Gloriously beautiful Angelica Douglas works in the marketplace cheating at dice. It's the only way to help feed her family – her sisters are pickpockets and their aunt is a charlatan fortuneteller. That is the sad fate of the once wealthy and titled Duncan women. Of course, they still have their titles of nobility, but a scheming crook robbed her father, the Earl of Melrose, of all his money and lands, and now he lies in bed and drinks himself into a stupor - (the poor, unfortunate man) - while his daughters must cheat and steal for a living.
Despite this, Angelica wants only to take revenge on the men who ruined her father, and one of them, she thinks, is Magnus Campbell, Duke of Inerary. One day, in the market, who should fall for her charms, but a devilishly handsome man, Rob Roy, who just happens to be Magnus's son. He hears her sad tale, and helps cure her father who has drunk a bottle of lavander perfume and nearly dies. Rob goes to speak to his father, Magnus, who is shocked to hear the tragic tale, for he was always a friend of the Earl of Melrose. He decides his son must marry Angelica. Rob, despite being very attracted to Angelica, and taking her virginity, does not want marriage.

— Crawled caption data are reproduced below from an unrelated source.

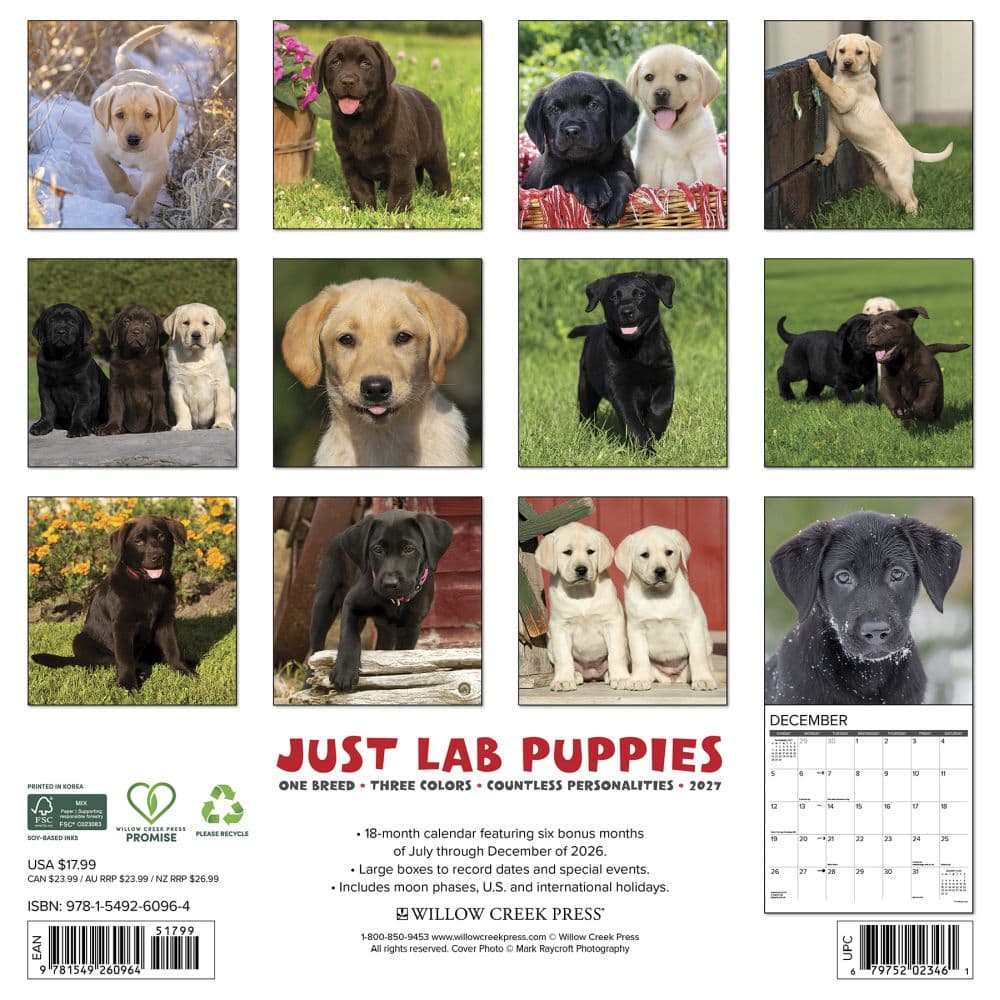 Just Lab Puppies 2027 Wall Calendar First Alternate Image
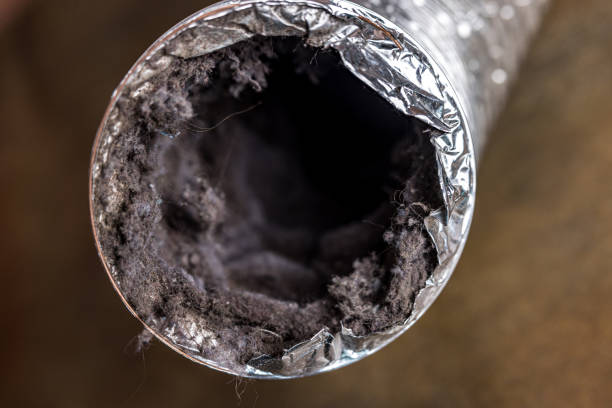Best Air Duct Cleaning Near Me  in Robie Creek, ID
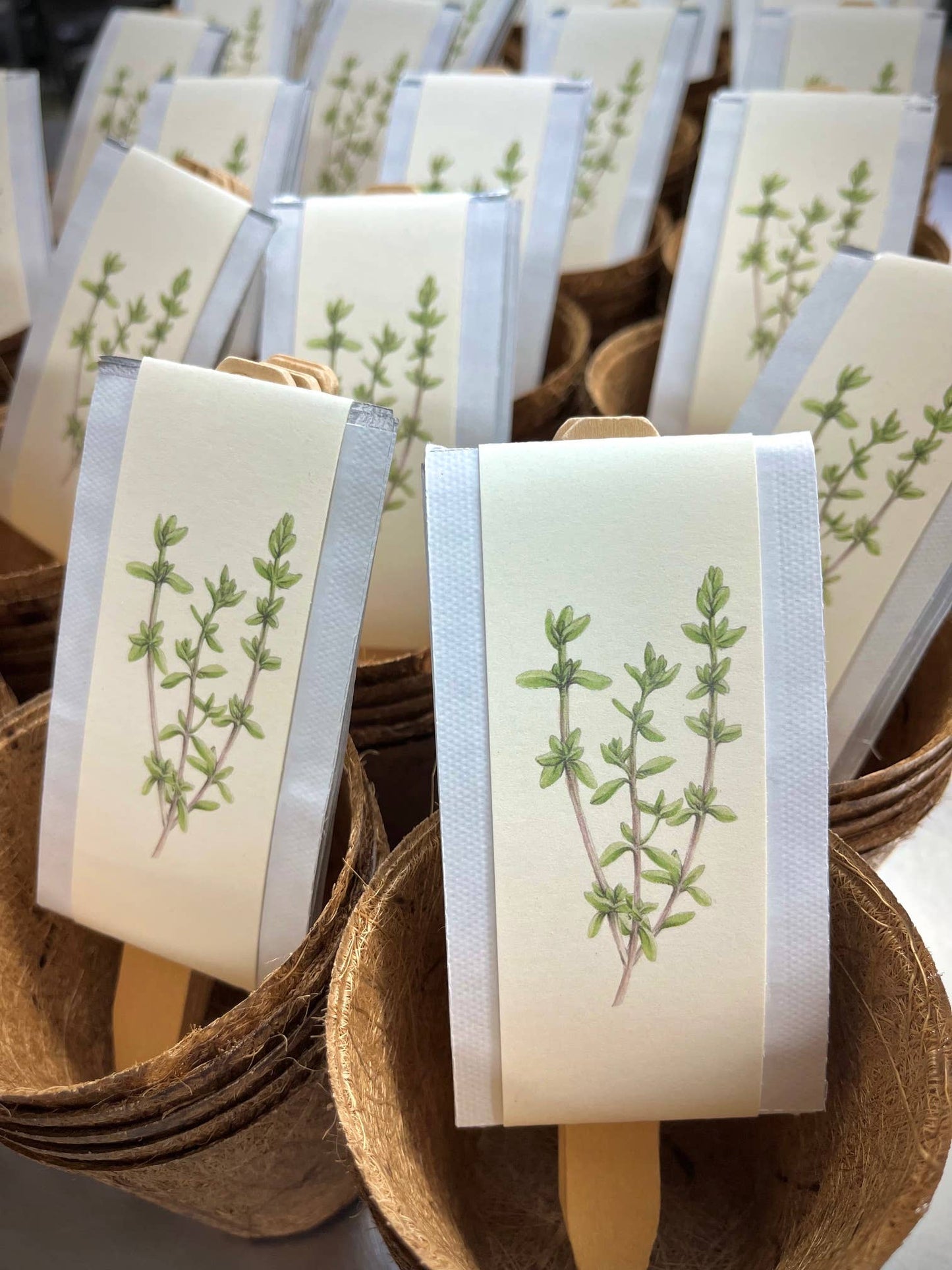 Potting Shed Creations, Ltd. - NEW Culinary Herb Garden Box | Thoughtful Summer Herb Kit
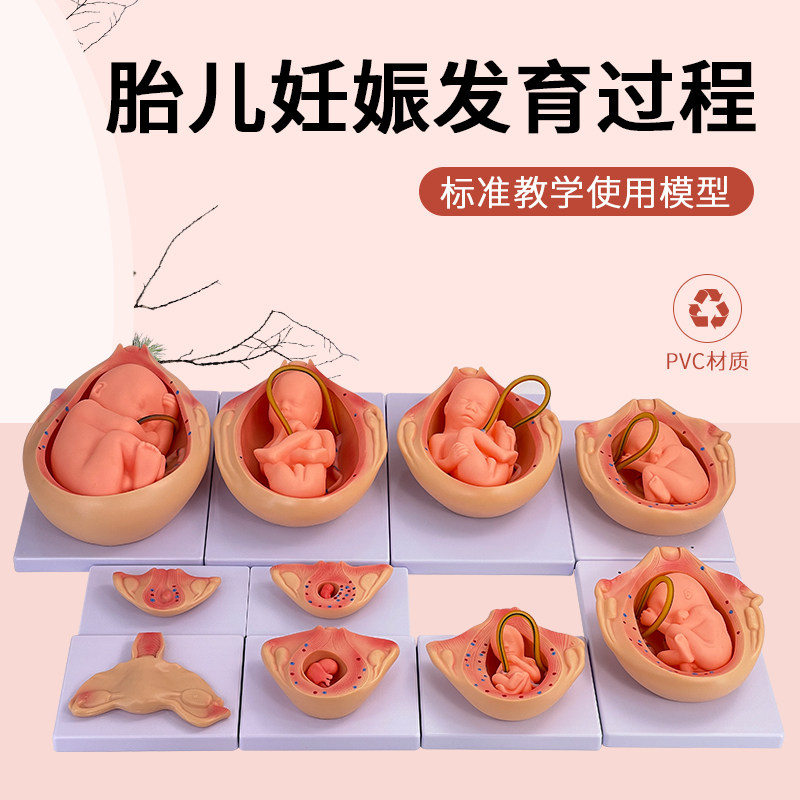 胎儿妊娠发育过程 胚胎妊娠过程模型 胎儿发育过程模型胚胎模型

The book goes downhill from there.
Already, in the beginning I wanted to strangle the heroine, Angelica. Her father has drunk the family into oblivion, and all she can think of is revenge on the men who caused his downfall. Fine, he was swindled. But that doesn't mean he has to start drinking and neglect his family. He forces his daughters to become thieves! At the same time, the sight of bruises on a little girl's arm makes Angelica determined to take the girl from her mother. She pardons her father while condoning everyone else. She sleeps with Rob the first time they are alone together, and yet I couldn't discern the slightest sign she was in love. Near the end, she finds out her husband (yes, of course they marry, but I could never figure out why) had a child by another woman and never told her. She goes to get the child (surprise! It's the little girl with bruises on her arm!) and tells her husband he has to form a relationship with the child, or she'll divorce him.
I made myself read to the end, although I cringed through the entire book. If you like improbable storylines, ridiculous characters and the words 'jewel of her womanhood', jewel of her desire', or 'dewy pearl' are used to describe a woman's clitoris, then you'll enjoy this book. But borrow it from a library.